> WHAT IS NEEDED
The listing is to be printed word for word, pictures omitted.

> COLLECTED MATERIAL
↓

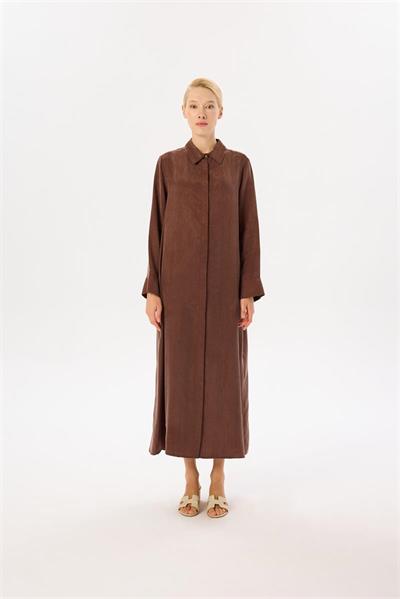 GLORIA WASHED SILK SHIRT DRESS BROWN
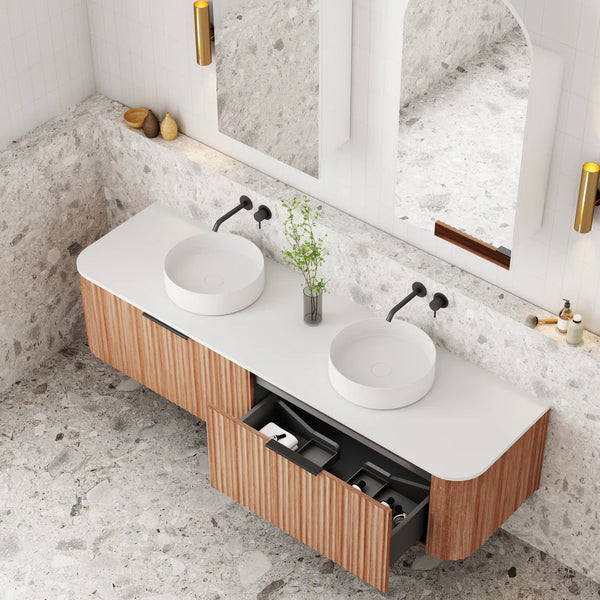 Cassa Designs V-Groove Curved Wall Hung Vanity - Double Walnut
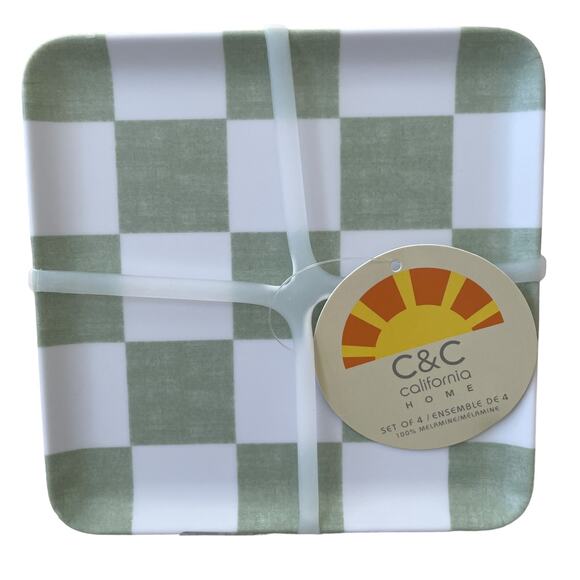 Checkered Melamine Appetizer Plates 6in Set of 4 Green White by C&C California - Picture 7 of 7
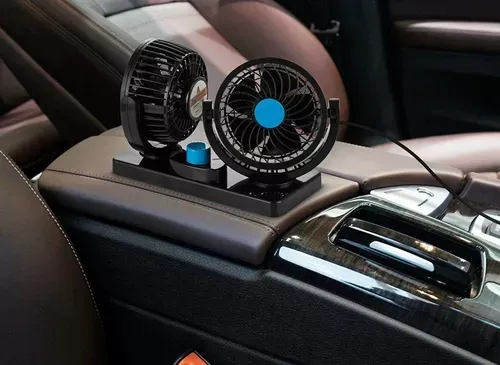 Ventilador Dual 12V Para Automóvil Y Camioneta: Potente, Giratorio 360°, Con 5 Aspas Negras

↑

> TASK RESULT
 GLORIA WASHED SILK SHIRT DRESS BROWN
 Cassa Designs V-Groove Curved Wall Hung Vanity - Double Walnut
 Checkered Melamine Appetizer Plates 6in Set of 4 Green White by C&C California - Picture 7 of 7
 Ventilador Dual 12V Para Automóvil Y Camioneta: Potente, Giratorio 360°, Con 5 Aspas Negras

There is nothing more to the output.